Col. Zadok Magruder High School
in Rockville lists 24 fees this school year covering at least twice
that many courses, ranging from $5 to $40, according to a school
document parent activists obtained. Walter Johnson
charges 49 course fees, ranging from $4 to $40. Thomas Edison High
School of Technology charges as much as $400 for a class in cosmetology.
Beth
Kaufman of Bethesda spent about $107 last year to supply her twins,
then eighth-graders at Takoma Park Middle School: $10 for assignment
books, $8 for lockers, $24 for Spanish workbooks, $5 for orchestra
class and $60 in extracurricular activity fees.

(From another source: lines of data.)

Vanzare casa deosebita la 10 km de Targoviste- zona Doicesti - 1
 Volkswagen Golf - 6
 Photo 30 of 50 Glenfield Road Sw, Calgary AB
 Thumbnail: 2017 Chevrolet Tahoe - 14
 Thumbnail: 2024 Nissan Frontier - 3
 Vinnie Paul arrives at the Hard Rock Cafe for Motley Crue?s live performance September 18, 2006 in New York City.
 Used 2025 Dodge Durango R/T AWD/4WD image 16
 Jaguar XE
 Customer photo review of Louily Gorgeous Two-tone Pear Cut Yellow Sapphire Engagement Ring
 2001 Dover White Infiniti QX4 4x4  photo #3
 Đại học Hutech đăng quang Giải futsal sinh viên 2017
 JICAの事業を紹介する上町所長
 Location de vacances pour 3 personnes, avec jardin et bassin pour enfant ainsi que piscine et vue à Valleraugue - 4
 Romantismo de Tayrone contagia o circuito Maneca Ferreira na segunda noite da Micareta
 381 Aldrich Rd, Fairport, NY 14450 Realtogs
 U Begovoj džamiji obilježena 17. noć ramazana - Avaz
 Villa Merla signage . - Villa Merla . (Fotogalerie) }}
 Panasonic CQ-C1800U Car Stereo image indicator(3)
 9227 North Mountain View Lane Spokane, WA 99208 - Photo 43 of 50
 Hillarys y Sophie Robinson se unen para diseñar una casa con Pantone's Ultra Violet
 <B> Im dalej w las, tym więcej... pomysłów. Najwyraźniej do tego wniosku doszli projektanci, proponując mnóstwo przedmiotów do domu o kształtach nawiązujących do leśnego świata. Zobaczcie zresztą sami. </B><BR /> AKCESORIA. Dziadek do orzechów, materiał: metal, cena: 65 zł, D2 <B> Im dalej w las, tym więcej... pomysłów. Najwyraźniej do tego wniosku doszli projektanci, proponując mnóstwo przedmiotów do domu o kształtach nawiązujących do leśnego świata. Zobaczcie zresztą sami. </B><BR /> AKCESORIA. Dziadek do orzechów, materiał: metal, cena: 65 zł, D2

She said that this year, at Montgomery Blair High School
in Silver Spring, , "my kids have been asked for exactly zero dollars
so far. I don't know if it's because of all the parent agitation."
Opposition
to fees in Montgomery emanates from a watchdog group known as the
Parents Coalition. Its leaders urged parents to oppose the fees at the
classroom door. School officials responded with an Aug. 19 memo to
principals, clarifying that it was all right to charge fees but not to
penalize students who do not pay.
The fee debate has raised legal
questions. In 1987, the Maryland attorney general interpreted the
state's guarantee of free public schools to mean "that everything
directly related to a school's curriculum must be available to all free
of charge." That opinion is key, as no state court has ruled on the
legality of fees in the modern era.
Montgomery officials have
suggested that schools are merely asking parents to pay the fees, and
that all required materials will be provided. But schools seldom
characterize fees as optional, in Montgomery or anyplace else.
"The
families are led to believe that the fees are mandatory and that the
students won't be able to get their schedules and participate in
activities and graduation if they don't pay them," said Angela Ciolfi,
an attorney with the Legal Aid Justice Center in Charlottesville.
Ciolfi's
group used public records requests to determine that many Virginia
schools had no formal policies on fees. The findings prompted the state
education department last spring to survey school systems. Of 83
systems that responded, 64 said they charged fees. Most of the 64 said
they had a policy on fees. Fewer than half said they had rules for what
to do when a family seeks financial help.
Virginia law on fees is
more explicit than Maryland's. It allows schools to charge students for
workbooks and for transportation to extracurricular activities. It does
not allow schools to withhold report cards and diplomas from students
who fail to pay. State regulations are being rewritten and will provide
further guidance, Ciolfi said.
Montgomery's school board will
meet in a closed session Sept. 9 for legal advice on fees, and
administrators are studying the policy. Board members have little to
say publicly on the matter.
"Do I have a doubt that some of those
fees on the 40 pages of fees are on the other side of our policy?" said
one board member, who requested anonymity to discuss the matter
candidly. "I have no doubt in my mind."